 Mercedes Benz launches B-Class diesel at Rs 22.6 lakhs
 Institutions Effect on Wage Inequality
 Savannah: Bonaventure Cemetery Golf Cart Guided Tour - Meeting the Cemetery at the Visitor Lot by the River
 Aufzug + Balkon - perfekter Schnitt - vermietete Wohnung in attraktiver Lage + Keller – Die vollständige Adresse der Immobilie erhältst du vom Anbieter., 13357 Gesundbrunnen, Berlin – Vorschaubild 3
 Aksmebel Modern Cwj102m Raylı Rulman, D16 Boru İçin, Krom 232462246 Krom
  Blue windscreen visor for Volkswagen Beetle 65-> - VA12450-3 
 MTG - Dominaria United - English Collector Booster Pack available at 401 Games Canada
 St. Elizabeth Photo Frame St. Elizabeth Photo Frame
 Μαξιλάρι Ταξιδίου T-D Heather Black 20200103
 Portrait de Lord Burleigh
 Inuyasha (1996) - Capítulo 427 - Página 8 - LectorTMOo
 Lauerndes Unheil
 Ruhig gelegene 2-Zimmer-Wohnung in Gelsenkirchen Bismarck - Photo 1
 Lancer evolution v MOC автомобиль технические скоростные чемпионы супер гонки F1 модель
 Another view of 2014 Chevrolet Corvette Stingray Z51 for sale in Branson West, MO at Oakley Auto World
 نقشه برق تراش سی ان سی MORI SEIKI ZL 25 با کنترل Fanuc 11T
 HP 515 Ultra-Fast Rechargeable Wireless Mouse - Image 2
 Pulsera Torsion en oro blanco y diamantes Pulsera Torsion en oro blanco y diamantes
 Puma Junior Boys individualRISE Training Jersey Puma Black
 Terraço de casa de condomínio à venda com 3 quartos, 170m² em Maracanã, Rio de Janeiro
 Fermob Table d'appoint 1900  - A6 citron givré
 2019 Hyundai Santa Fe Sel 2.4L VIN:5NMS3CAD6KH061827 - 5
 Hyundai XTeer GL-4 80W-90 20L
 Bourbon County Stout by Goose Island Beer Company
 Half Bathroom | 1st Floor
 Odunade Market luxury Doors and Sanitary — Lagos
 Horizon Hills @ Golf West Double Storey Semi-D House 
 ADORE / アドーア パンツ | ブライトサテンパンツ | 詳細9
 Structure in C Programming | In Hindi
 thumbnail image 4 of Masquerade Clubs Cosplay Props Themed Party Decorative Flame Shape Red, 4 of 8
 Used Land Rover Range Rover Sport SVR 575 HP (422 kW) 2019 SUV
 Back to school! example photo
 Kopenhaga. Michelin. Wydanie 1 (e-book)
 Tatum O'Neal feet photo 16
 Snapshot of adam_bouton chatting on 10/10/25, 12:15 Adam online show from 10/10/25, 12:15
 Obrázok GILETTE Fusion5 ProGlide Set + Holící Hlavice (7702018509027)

::::::::::

[WHAT IS BEING ASKED] Until the last line is reached, keep transcribing the data exactly.

[SOLUTION FOR THIS PROBLEM]
 Mercedes Benz launches B-Class diesel at Rs 22.6 lakhs
 Institutions Effect on Wage Inequality
 Savannah: Bonaventure Cemetery Golf Cart Guided Tour - Meeting the Cemetery at the Visitor Lot by the River
 Aufzug + Balkon - perfekter Schnitt - vermietete Wohnung in attraktiver Lage + Keller – Die vollständige Adresse der Immobilie erhältst du vom Anbieter., 13357 Gesundbrunnen, Berlin – Vorschaubild 3
 Aksmebel Modern Cwj102m Raylı Rulman, D16 Boru İçin, Krom 232462246 Krom
  Blue windscreen visor for Volkswagen Beetle 65-> - VA12450-3 
 MTG - Dominaria United - English Collector Booster Pack available at 401 Games Canada
 St. Elizabeth Photo Frame St. Elizabeth Photo Frame
 Μαξιλάρι Ταξιδίου T-D Heather Black 20200103
 Portrait de Lord Burleigh
 Inuyasha (1996) - Capítulo 427 - Página 8 - LectorTMOo
 Lauerndes Unheil
 Ruhig gelegene 2-Zimmer-Wohnung in Gelsenkirchen Bismarck - Photo 1
 Lancer evolution v MOC автомобиль технические скоростные чемпионы супер гонки F1 модель
 Another view of 2014 Chevrolet Corvette Stingray Z51 for sale in Branson West, MO at Oakley Auto World
 نقشه برق تراش سی ان سی MORI SEIKI ZL 25 با کنترل Fanuc 11T
 HP 515 Ultra-Fast Rechargeable Wireless Mouse - Image 2
 Pulsera Torsion en oro blanco y diamantes Pulsera Torsion en oro blanco y diamantes
 Puma Junior Boys individualRISE Training Jersey Puma Black
 Terraço de casa de condomínio à venda com 3 quartos, 170m² em Maracanã, Rio de Janeiro
 Fermob Table d'appoint 1900  - A6 citron givré
 2019 Hyundai Santa Fe Sel 2.4L VIN:5NMS3CAD6KH061827 - 5
 Hyundai XTeer GL-4 80W-90 20L
 Bourbon County Stout by Goose Island Beer Company
 Half Bathroom | 1st Floor
 Odunade Market luxury Doors and Sanitary — Lagos
 Horizon Hills @ Golf West Double Storey Semi-D House 
 ADORE / アドーア パンツ | ブライトサテンパンツ | 詳細9
 Structure in C Programming | In Hindi
 thumbnail image 4 of Masquerade Clubs Cosplay Props Themed Party Decorative Flame Shape Red, 4 of 8
 Used Land Rover Range Rover Sport SVR 575 HP (422 kW) 2019 SUV
 Back to school! example photo
 Kopenhaga. Michelin. Wydanie 1 (e-book)
 Tatum O'Neal feet photo 16
 Snapshot of adam_bouton chatting on 10/10/25, 12:15 Adam online show from 10/10/25, 12:15
 Obrázok GILETTE Fusion5 ProGlide Set + Holící Hlavice (7702018509027)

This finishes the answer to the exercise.